━━ Given material ━━

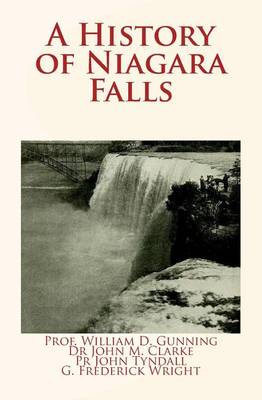 Book cover for A History of Niagara Falls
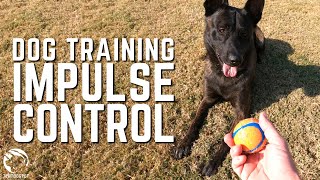 Dog Training for Impulse Control [upl. by Almire237]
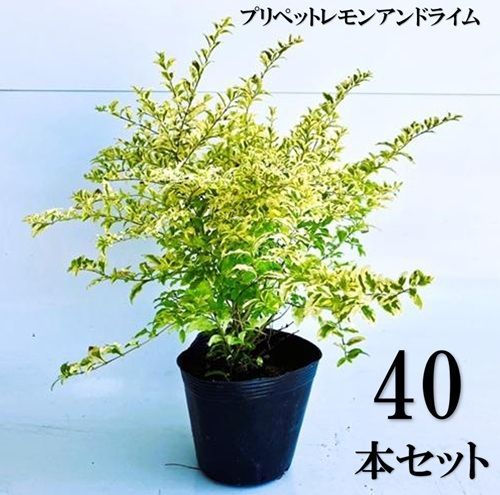 40本セット プリペット レモンアンドライム樹高0.25m前後15cmポット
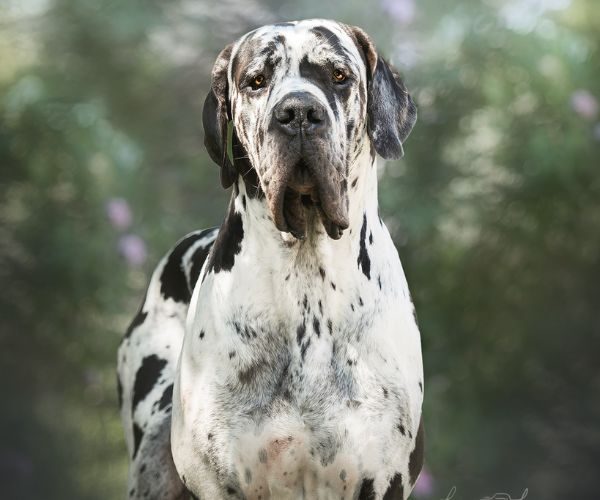 leonidas-052025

━━━

Directions: From the line that contains "Dog Training for" to the end of the material above, output every line exactly, both ends included, but leave out any pictures.

Task result:
 Dog Training for Impulse Control [upl. by Almire237]
 40本セット プリペット レモンアンドライム樹高0.25m前後15cmポット
 leonidas-052025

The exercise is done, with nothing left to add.